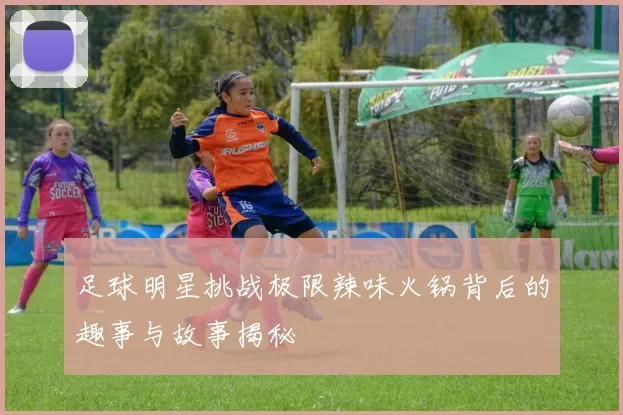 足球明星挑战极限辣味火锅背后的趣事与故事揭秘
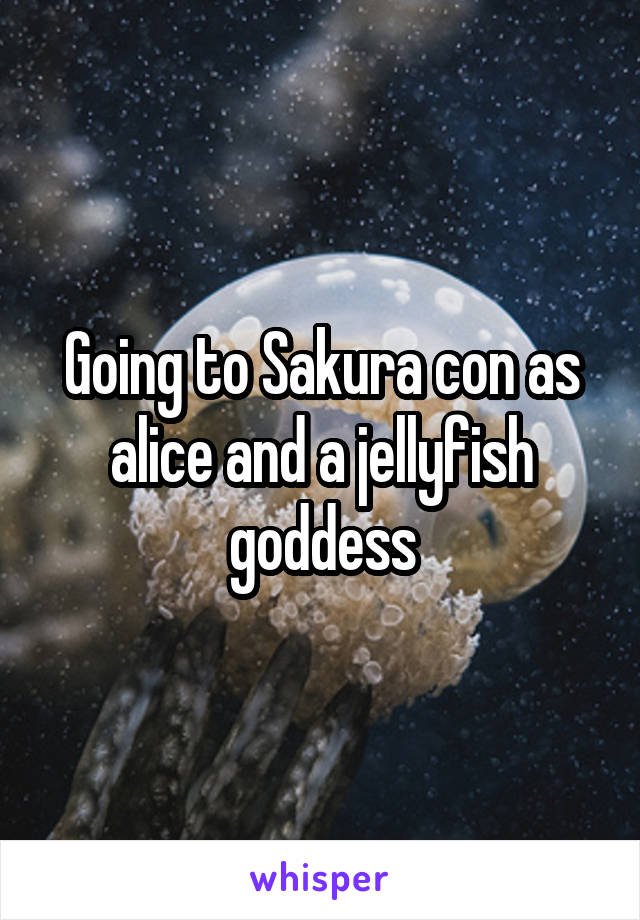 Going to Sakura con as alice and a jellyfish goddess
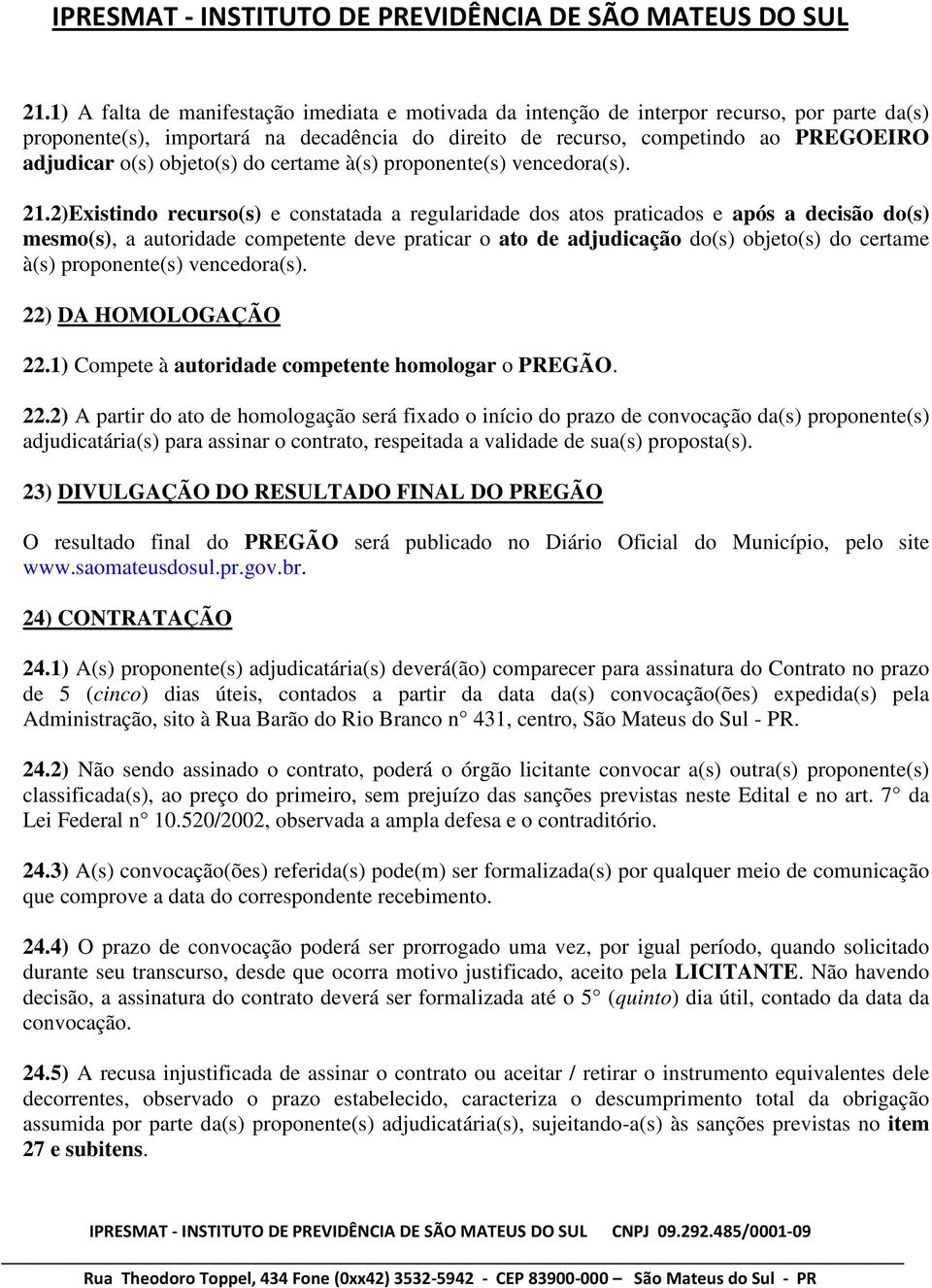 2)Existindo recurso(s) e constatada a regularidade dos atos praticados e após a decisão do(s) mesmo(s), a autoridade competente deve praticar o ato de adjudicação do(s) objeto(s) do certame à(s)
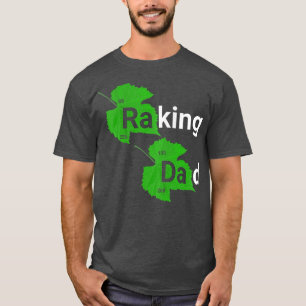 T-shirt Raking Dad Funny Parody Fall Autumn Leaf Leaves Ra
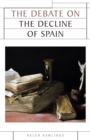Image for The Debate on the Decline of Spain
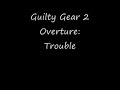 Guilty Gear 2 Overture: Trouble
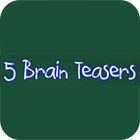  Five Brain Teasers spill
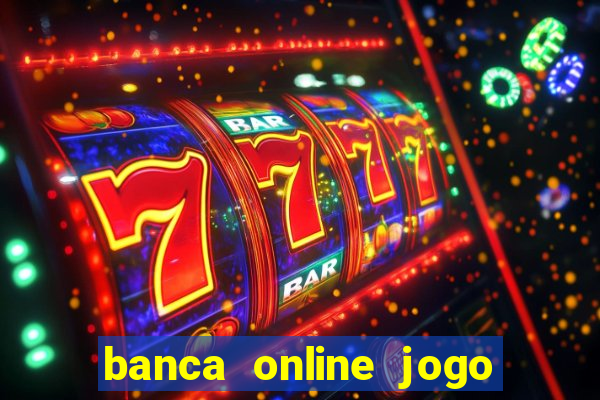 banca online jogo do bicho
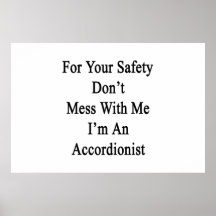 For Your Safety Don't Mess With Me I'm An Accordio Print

▶ **Your assignment**: In the copy, no pictures are to appear; write out exactly the lines from the one containing "banca online jogo do bicho" through the end of the listing above and no further lines.

▶ **Answer section**:
 banca online jogo do bicho
 For Your Safety Don't Mess With Me I'm An Accordio Print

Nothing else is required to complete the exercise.